Residuals/Predicted Values From Other Regression

Regression analyses compute predicted values and residuals for the dependent variable(s). These are the components of variation in the dependent variable(s) that can or cannot be predicted from the variation in the independent variables. Usually, predicted components and residuals are computed for the data from which the regression was established.

In some circumstances, however, it may be desirable to apply a regression to data other than those used to set up the regression. For instance, regression of shape on size in an intraspecific growth series might be applied to data on adults from several related species, in order to account for ontogenetic scaling (Strelin et al. 2016). Likewise, an estimate of evolutionary allometry from an analysis of indepemdent contrasts might be applied to species values for computing size-corrected species averages (Klingenberg and Marugán-Lobón 2013).

For analyses like this, MorphoJ offers the option of computing residuals and predicted values for a given dataset, based on a regression a regression that was computed from a different dataset.

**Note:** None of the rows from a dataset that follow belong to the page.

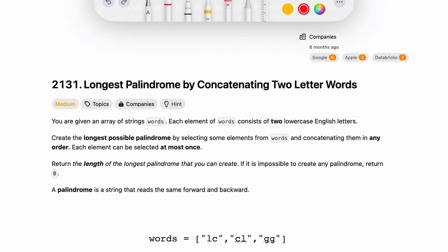Hey everyone, welcome to Code Harmony. Today we are going to solve LeetCode problem ID 2131: Longest Palindrome by Concatenating Two Letter Words. This question has been asked at Google and Apple. Let's have a look.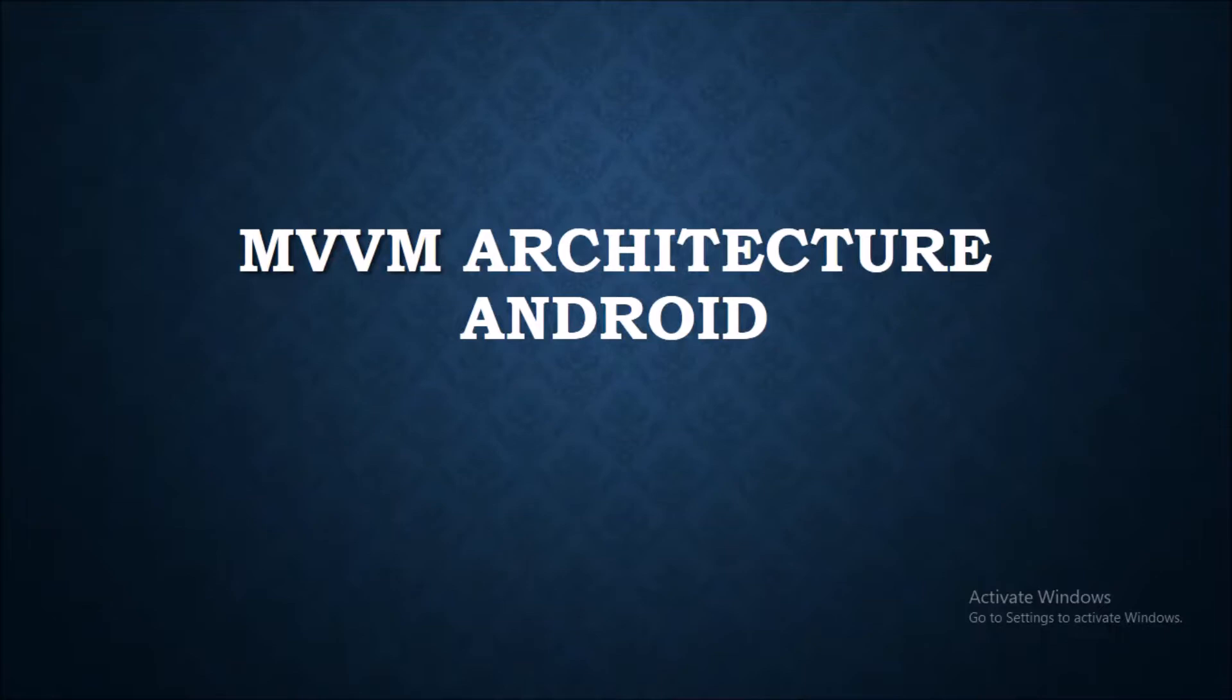Before discussing MVVM architecture, let's talk about why we use architecture patterns. The main purpose to use architecture pattern is to organize a project in a proper way so that the code gets covered in the unit test and it helps us to maintain our software.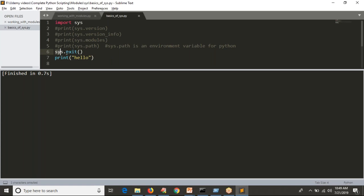By default, sys.exit() returns a return code of 0. If you want to provide any other return codes, you can pass them inside the parentheses. That is why sys.exit() is a function — because you can pass arguments to it.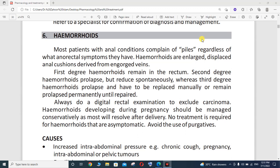Hello viewers, welcome to my new lecture. You are watching me on my YouTube channel, Zahur Islam Official. Today the topic of my lecture is hemorrhoids.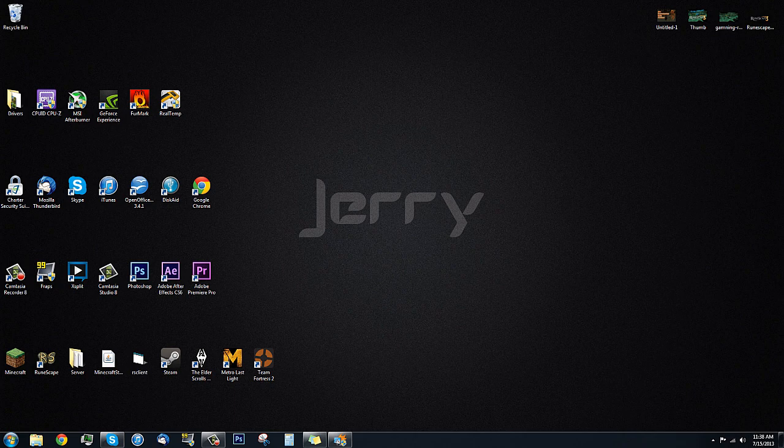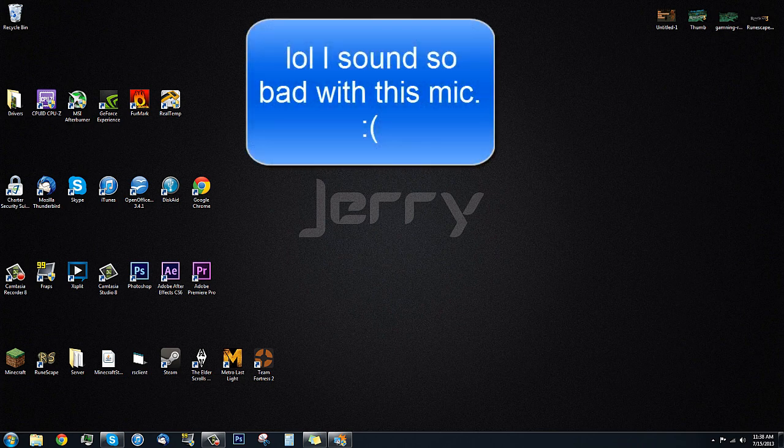Hey guys, what's up, I'm Jerry. First off, I'll just go ahead and apologize — I don't have my good mic today, something's messed up with it, I have to get a new cable for it. But anyway, today I'm going to be showing you guys just how to prepare and run the HTML5 client on your PC at maximum performance.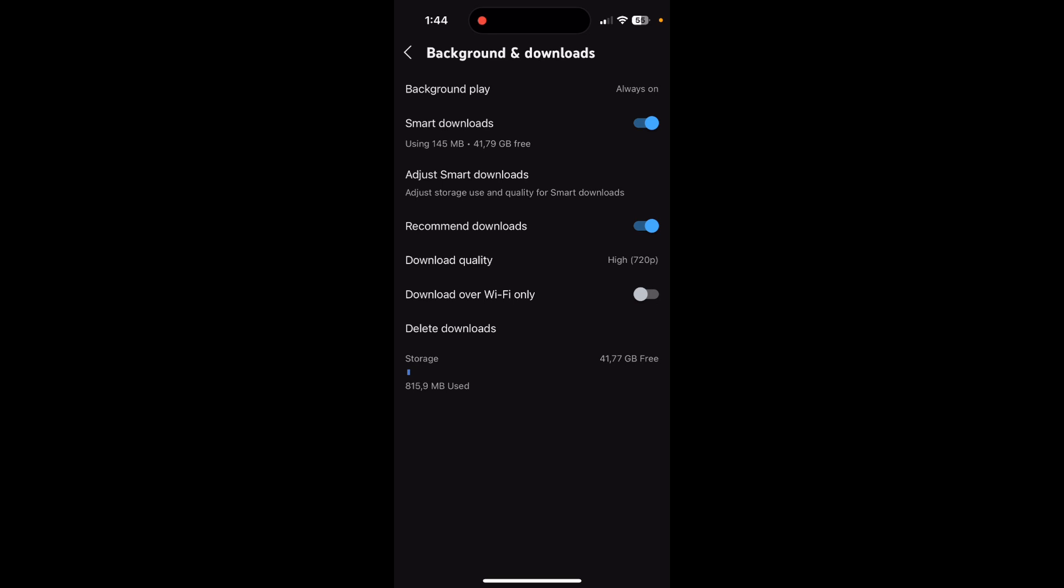And after that, on the top of the screen, as you can see here, you have an option called Smart Downloads. It's activated for me, so if I want to deactivate it, I just need to click on it.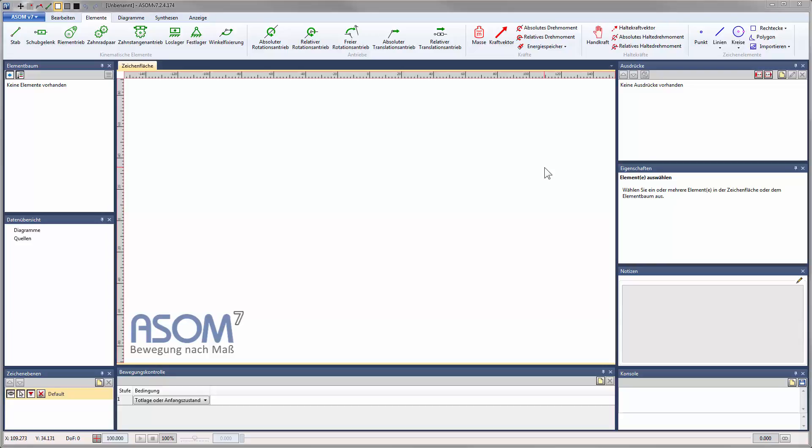In this tutorial I will give you a basic overview of the most important features of the Kinematics software ASOM version 7.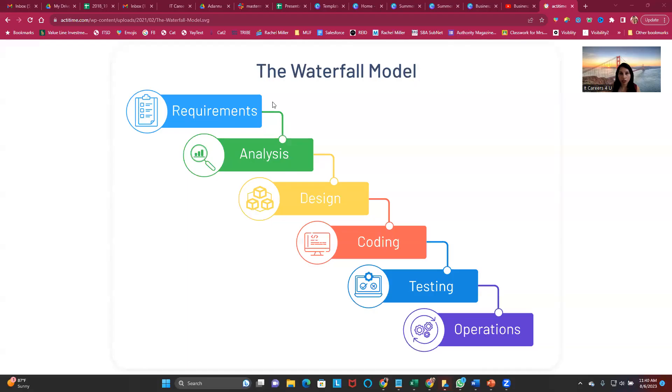All right, let's get started. I'm going to share my screen and show you for the Business Analyst role. We'll focus on the Business Analyst role because that's where most of the questions are coming from. I want to cover the waterfall methodology.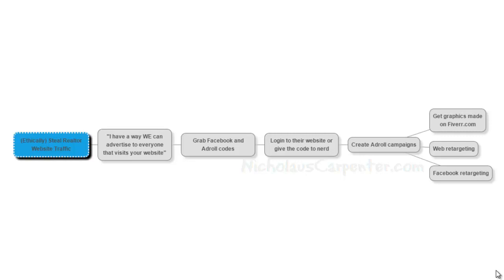And then either, if you know how to do it, add the codes to their website or give the code to the nerd and have the nerd do it for you. And get those codes added into their site so that you can start capturing all those people into your retargeting audience.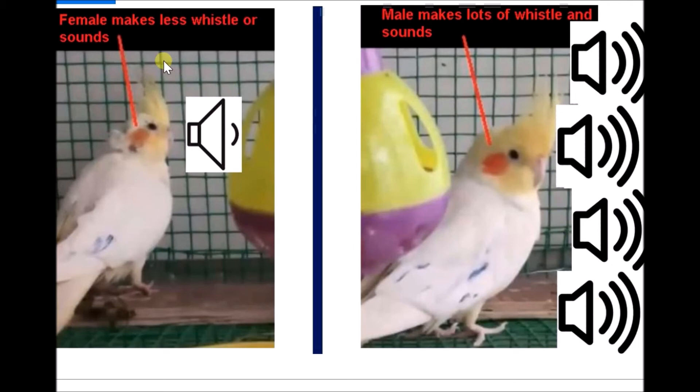The female bird will not make any noise or will make only less noise. Usually, every two hours maybe once or twice you can hear sounds coming from the female bird. This is also one way to identify whether your bird is male or female.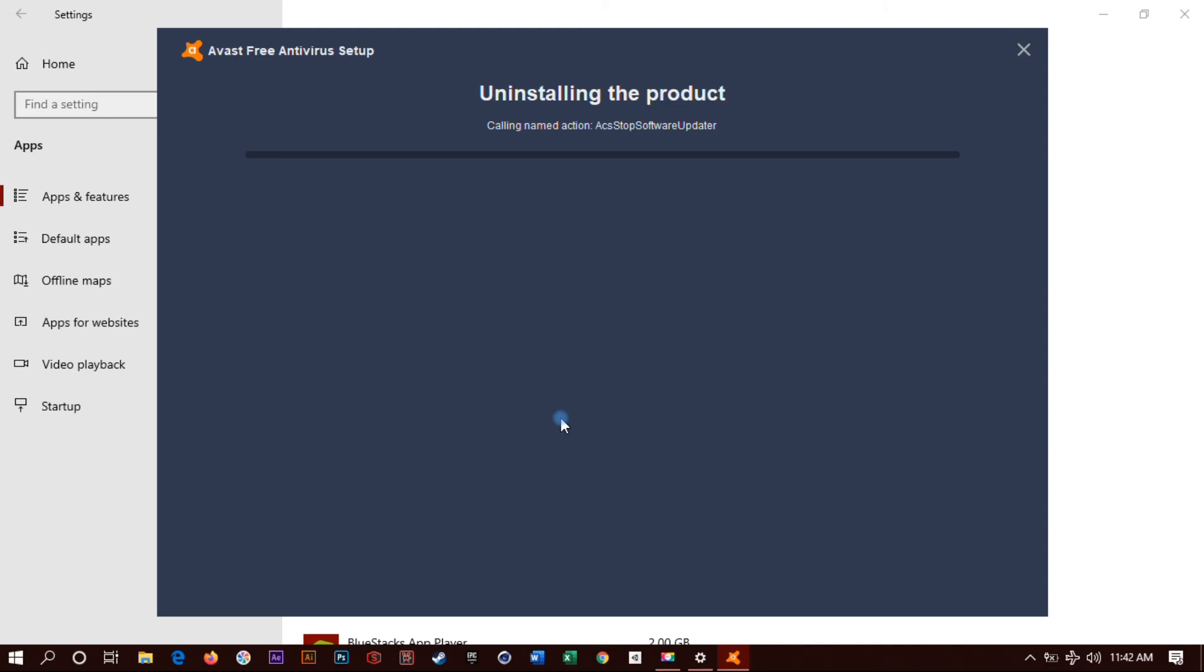So like I was saying before, this is the same as Avast Pro and all the other Avast versions. It's basically the same process for uninstalling. It's the same as the free version.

There are some limits to the combinations of datasets and regression analyses that can be used (same number of landmarks, same dimensionality in the dependent variables), but users should still make sure that the dataset is compatible with the dependent variables used in the regression. It is the user's responsibility to ensure that the regression and the dataset are based on corresponding structures and that corresponding landmarks are listed in the same order in the input datasets (MorphoJ will not recognize, for instance, that one is derived from mouse mandibles and the other from fly wings, as long as both have the same number of landmarks and dimensionality). Even when all structures correspond, the user must still ensure that the configurations are aligned in a corresponding way (e.g. based on the same Procrustes fit, or by choosing an appropriate alignment by 'Align with specific landmarks' in the dialog box from New Procrustes Fit in the Preliminaries menu).

Background

Regression residuals are widely used in morphometrics for 'size correction' and similar purposes (Klingenberg 2016).

The key idea is that regression separates the component of variation in the dependent variables that is predicted by the independent variable from the residual component of variation, which is uncorrelated with the independent variables. In the diagram below, this decomposition is shown for a single data point (black dot). Its deviation from the sample average (hollow dot) in the direction of the shape variable (vertical; the dependent variable) is divided into a predicted and a residual component. The predicted component can be computed from the slope of the regression line (bold oblique line) and the deviation of the data point from the mean in the direction of size (horizontal; the independent variable). The residual is the difference of the total shape deviation of the data point from the mean and the predicted component (blue arrow).

If we remove the predicted component from the analysis and focus exclusively on the residuals, this new variable is uncorrelated with the independent variable. This is an effective way, for example, to remove the effect of size on shape. Using the residuals from a regression of shape on size for further analyses is therefore a method of size correction for the shape data (Klingenberg 2016).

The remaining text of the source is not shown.